Entries supplied:
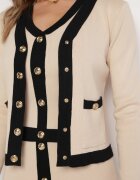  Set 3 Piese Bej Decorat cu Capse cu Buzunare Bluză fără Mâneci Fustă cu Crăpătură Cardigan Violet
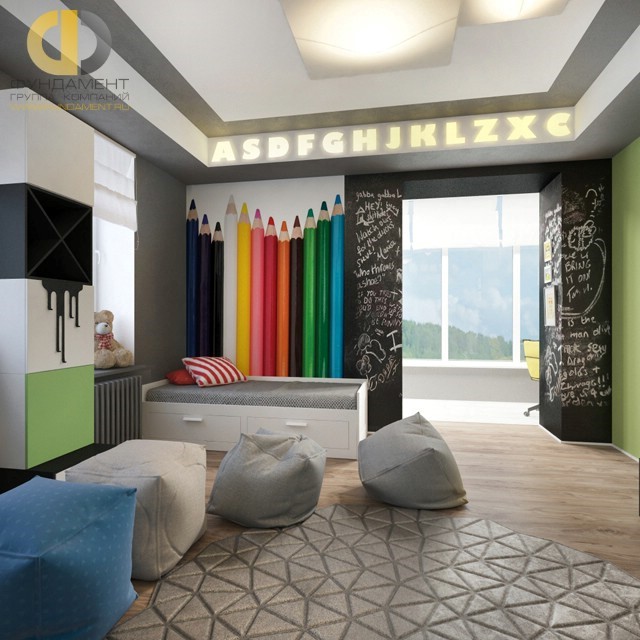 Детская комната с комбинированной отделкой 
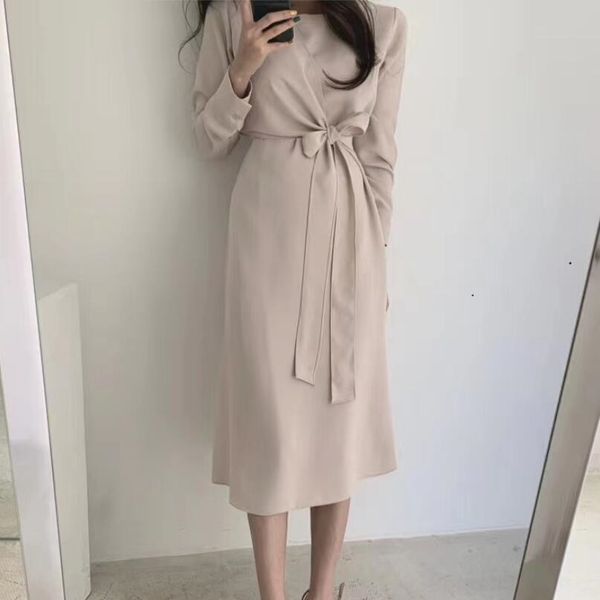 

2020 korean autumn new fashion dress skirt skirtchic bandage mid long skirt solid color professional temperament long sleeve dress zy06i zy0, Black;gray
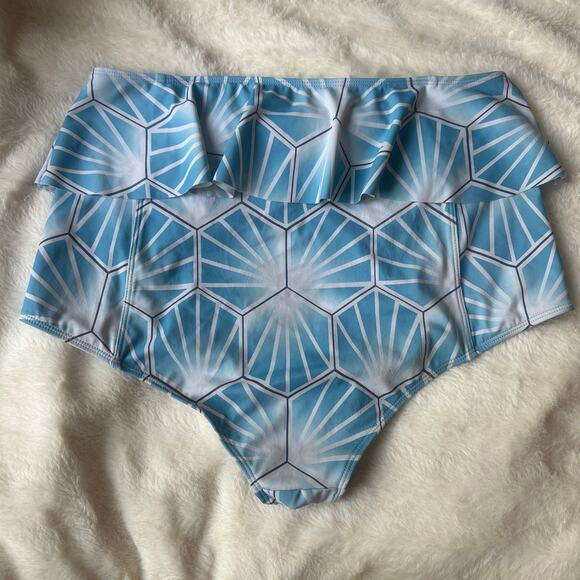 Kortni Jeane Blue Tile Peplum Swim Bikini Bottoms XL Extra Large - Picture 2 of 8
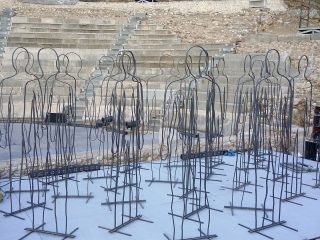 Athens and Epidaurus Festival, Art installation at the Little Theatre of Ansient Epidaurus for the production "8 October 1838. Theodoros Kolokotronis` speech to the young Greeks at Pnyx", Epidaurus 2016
==
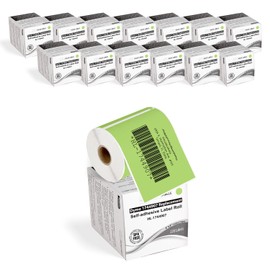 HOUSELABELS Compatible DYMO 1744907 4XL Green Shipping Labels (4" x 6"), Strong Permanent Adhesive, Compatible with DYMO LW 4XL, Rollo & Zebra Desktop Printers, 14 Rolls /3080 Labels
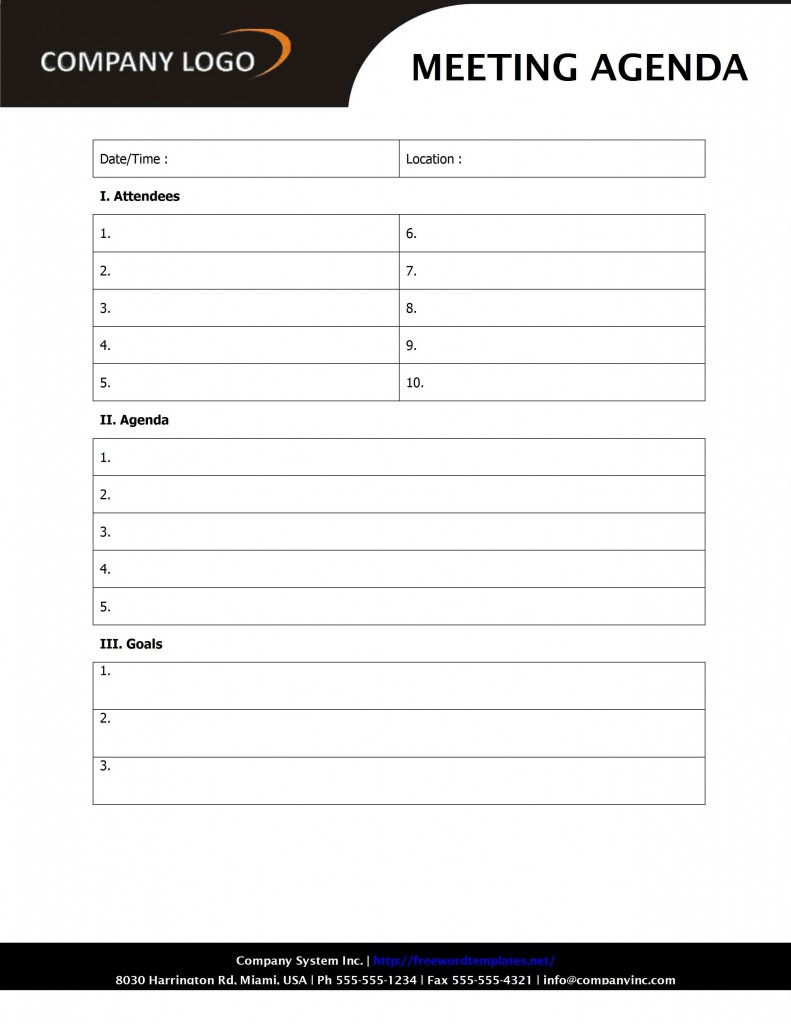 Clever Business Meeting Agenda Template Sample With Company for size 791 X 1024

Exercise aim:
With the pictures omitted, print the lines above exactly, beginning at the line with "Детская комната с комбинированной отделкой" and going on through the line with "Athens and Epidaurus".

Solution below:
 Детская комната с комбинированной отделкой 

2020 korean autumn new fashion dress skirt skirtchic bandage mid long skirt solid color professional temperament long sleeve dress zy06i zy0, Black;gray
 Kortni Jeane Blue Tile Peplum Swim Bikini Bottoms XL Extra Large - Picture 2 of 8
 Athens and Epidaurus Festival, Art installation at the Little Theatre of Ansient Epidaurus for the production "8 October 1838. Theodoros Kolokotronis` speech to the young Greeks at Pnyx", Epidaurus 2016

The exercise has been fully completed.